I have occasionally read individual profiles on RightWeb, and they have this to say about their efforts to track the influence of those who advocate excessive application of military force:
Right Web is a program of the Institute for Policy Studies (IPS) that assesses the work of prominent organizations and individuals—both in and out of government—who promote militarist U.S. foreign and defense policies, with a special focus on the “war on terror” and the Middle East. Right Web aims to foster informed public debate about these policies with feature articles and profiles of individuals and organizations that examine political discourses and institutional allegiances over time.
I happened to be looking at a profile their yesterday morning and I noticed that the content was amenable to being processed using Maltego and the natural language processing features of Alchemy and OpenCalais. I was right about accessibility, but the well tended set of profiles on 325 individuals was so link rich that it choked Maltego.
I saved the profiles page and with about fifteen minutes work I got a CSV file containing the name of each person and the link to their profile. I think it took Maltego about ten minutes to process the calls to the external services which extracted a large set of names, locations, and phrases. Once the content was there the trouble began. I pruned obvious mistakes and merged entities that were clearly the same. As an example, some profiles mention “President Obama” and others says “Barack Obama”.
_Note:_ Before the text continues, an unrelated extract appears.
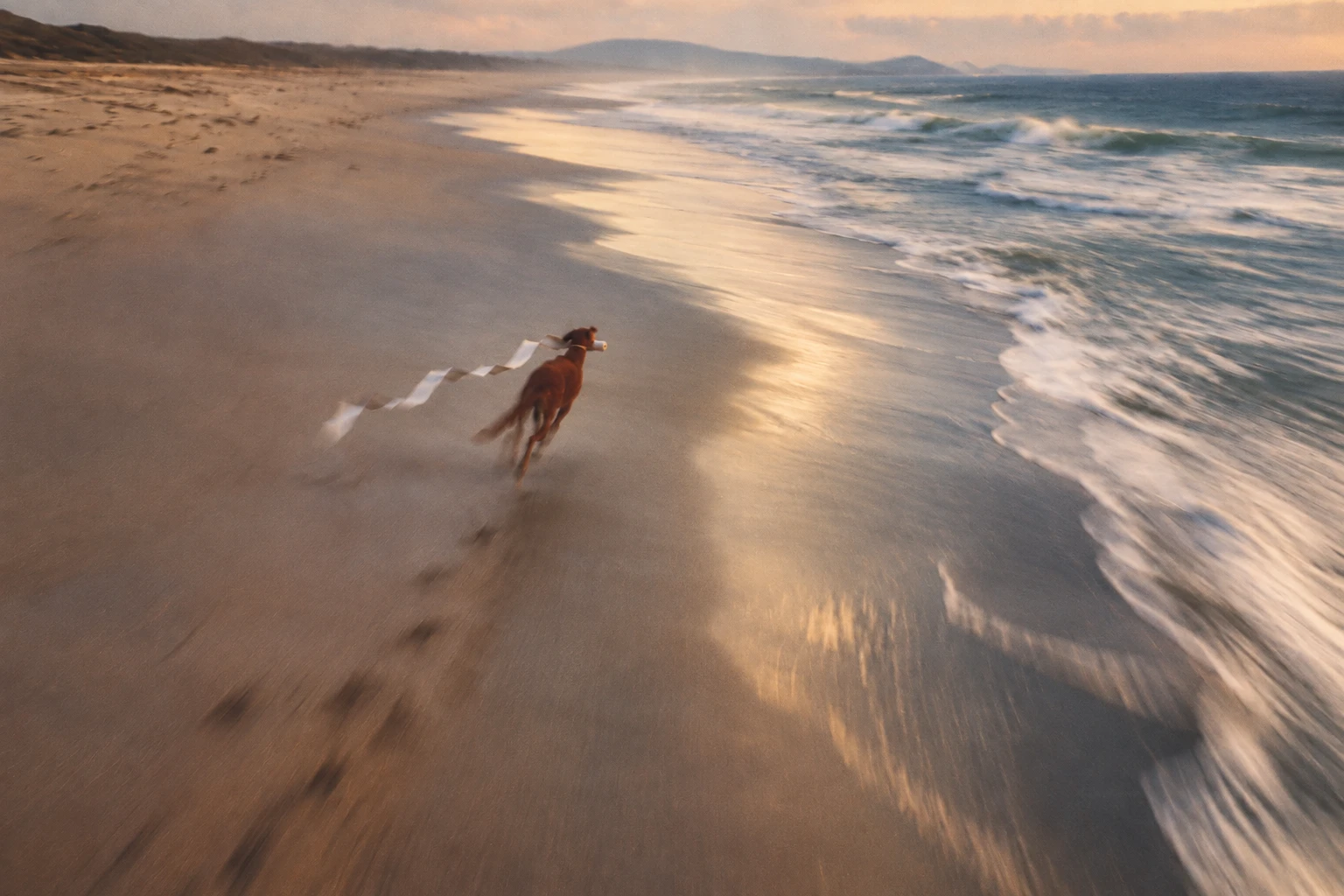 A greyhound carrying a parchment scroll runs along a beach beside the ocean at sunset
Even with this clean up the content was cumbersome – 325 individuals with between fifteen and twenty five entities found in each profile basically brings Maltego to a standstill. Trying to scroll in entity list is painful and the visualization modes freeze for minutes at a time, or simply fail to redraw all together.
There were a large number of countries and quite a few specific cities that appeared as locations. Afghanistan and Pakistan, Iraq and Iran, Egypt and Gaza; these were common pairings for the profiles. I sorted them by creating regional location points and linking them but all this accomplished was creating a dozen more nodes on an already overwhelming graph.
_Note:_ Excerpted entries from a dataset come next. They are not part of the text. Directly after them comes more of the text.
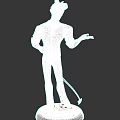 3D Game Movie Character Model in Gray Vest White Shirt Standing Pose with Pedestal Base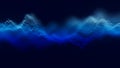 Audio blue waveform digital particle background. Abstract music dot waves equalizer. Futuristic sound wave visualization Royalty Free Stock Photo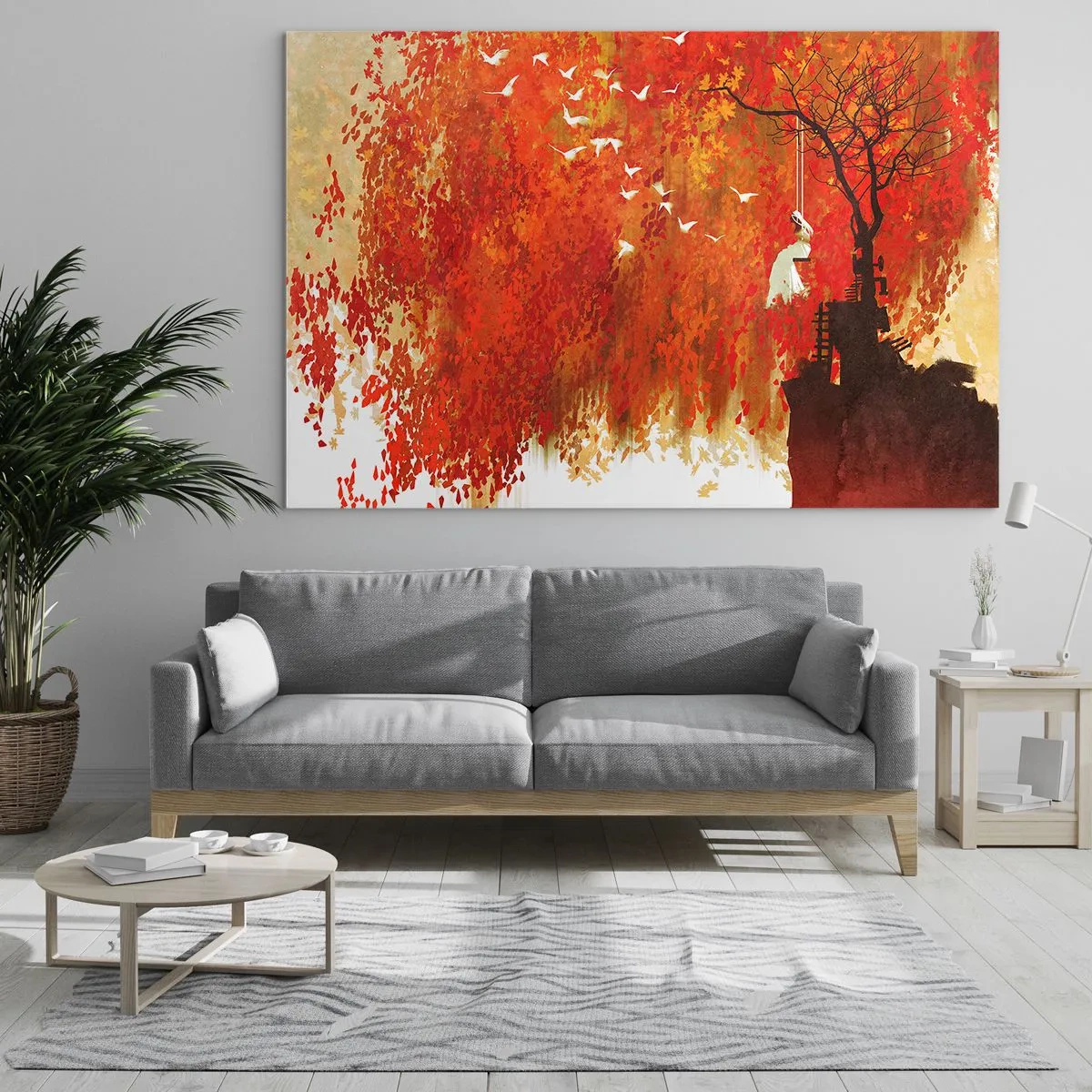 Obraz na skle - Červené listy, osamelý strom a vtáky v jesennej scenérii - 70x50cm - Poletí s nimi? - Moderná nástenná dekorácia do obývacej izby a spálne ARTTOR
Selecting the Person entities that had been discovered and moving them along with the associated profiles to a new subgraph was equally problematic. I removed the Person entities with only one mention .. then two … and finally when I had eliminated everyone with fewer than ten mentions I had a graph that was tolerable to explore.
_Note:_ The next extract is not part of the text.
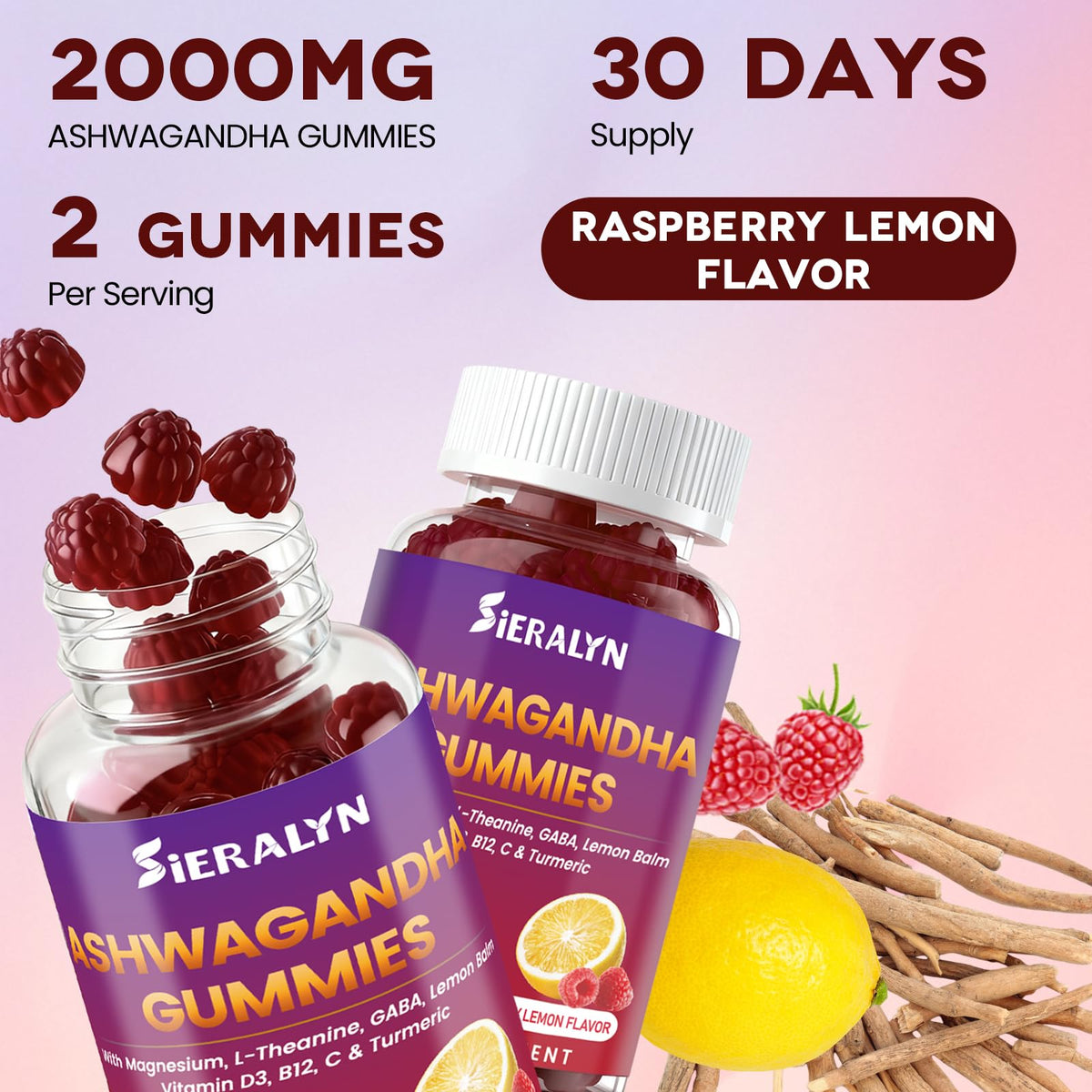 Gummies Ashwagandha Sieralyn sur une table en bois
President Obama was mentioned often, as were both Bushes, Clinton, and Reagan. Funniest were #!5, Islamophobe Frank Gaffney and #16 Condoleezza Rice, with one less link. A man that Grover Norquist famously described as a “sick little bigot” swings as much weight as a former secretary of state? Other LoonWatch favorites mentioned requently include Pamela Geller and Robert Spencer.
Maltego was a good starting point thanks to the named entity recognition support but the size of the response chokes it. The next sensible thing to do is export the content, but a simple minded approach to handling it won’t yield a lot of value. Gephi can swallow a dataset that size, but this is a few groups of entities of a specific type, and that’s not really a place to use Gephi beyond initial reconnaissance. Sentinel Visualizer is the closest fit in my data visualization toolbox, but importation will be a lot of work – some of the linked individuals are there because they agree, while others get mention because they provide opposition.
This is the perennial problem – you can have content, you can get it into a system, but there is no substitute for a human who follows the happenings. Good tools expand the reach of good analysts, they are not a substitute for having and developing that good analyst in the first place.